Sometimes I was certain he was a reincarnated ancestor, who had returned to earth with the purpose to deliver a message – his canine mould providing little deterrent for his frequent attempts at cross-species communication. Often I saw an old little man in his eyes, someone who was serving penance, not necessarily for something awful they had done in a past- life but simply because they weren’t quite ready to move onto the next.
Recently he had got all misty eyed and hard of hearing , no longer heard the hadea dahs who lined up across the garden while he was asleep.
Theirs was a covert and brilliantly organised operation to rob him of his dog-biscuits. They succeeded brilliantly. I quite expected to one day wake up in a suburb where headea dhas had begun to bark from fence posts and telephone poles but sadly this never happened. It seems only the mockery of vervet monkey’s were worthy of mustering growls similar to the ones he employed in his younger more sprightly years.

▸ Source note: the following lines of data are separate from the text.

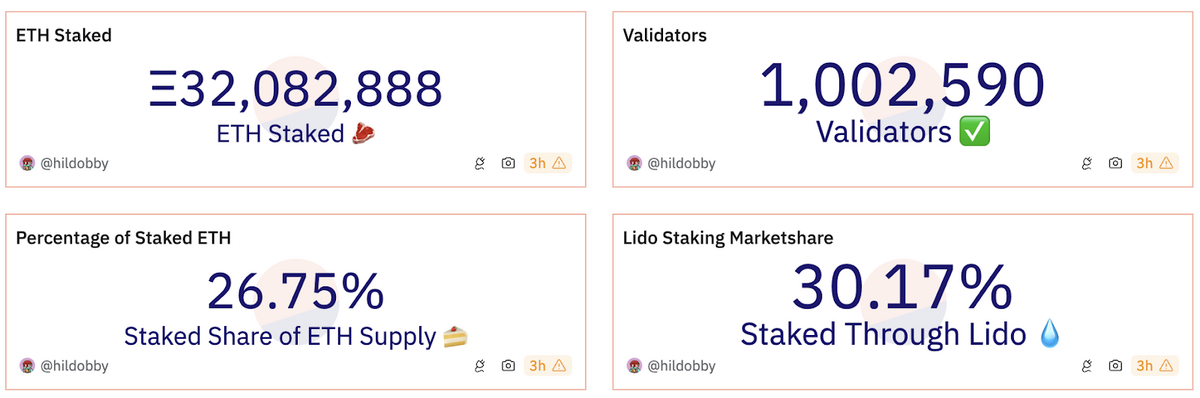 Ethereum validator count.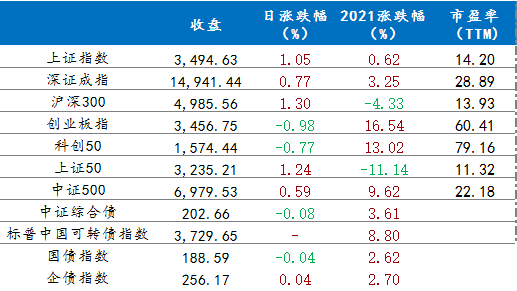 8月10日 行情播报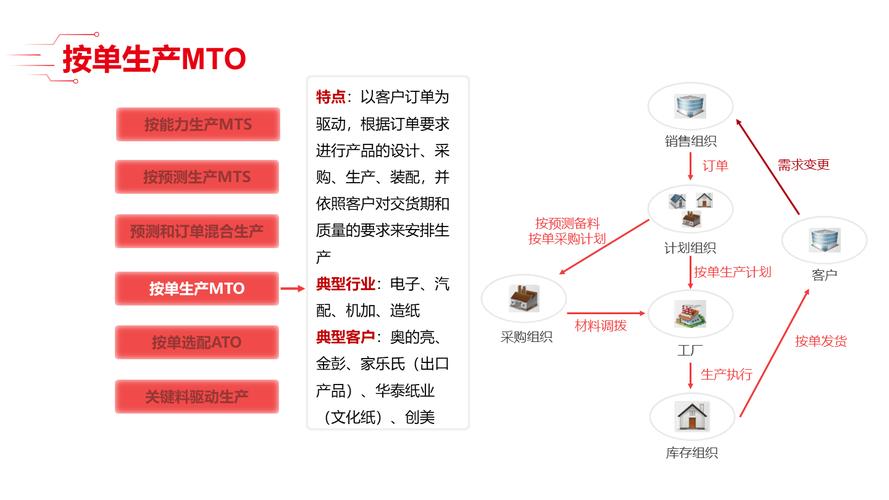 英国科技巨头代表团莅临视源股份，探讨智能制造与数字化转型新机遇  第13张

He was content little being and seemed so when I found him on Saturday night. Still I miss his orchestrations of grunts, the polite tip tapping of paws on slasto tiles. Sounds now replaced by the ghostly wash of traffic on the nearby free-way.
A hole was dug in the lawn under the full moon (narrowly missing water and electricity pipes) by my grandmothers room and we buried him in the blankets he so loved to snooze upon. Now the hadea dahs are at a loss. Still they come, dressed in their mourning plumage, shuffling in solemn funeral line and still I fill his bowl each day.
Though I fear they will soon loose interest, it’s gotten far too easy now–their game is missing a player.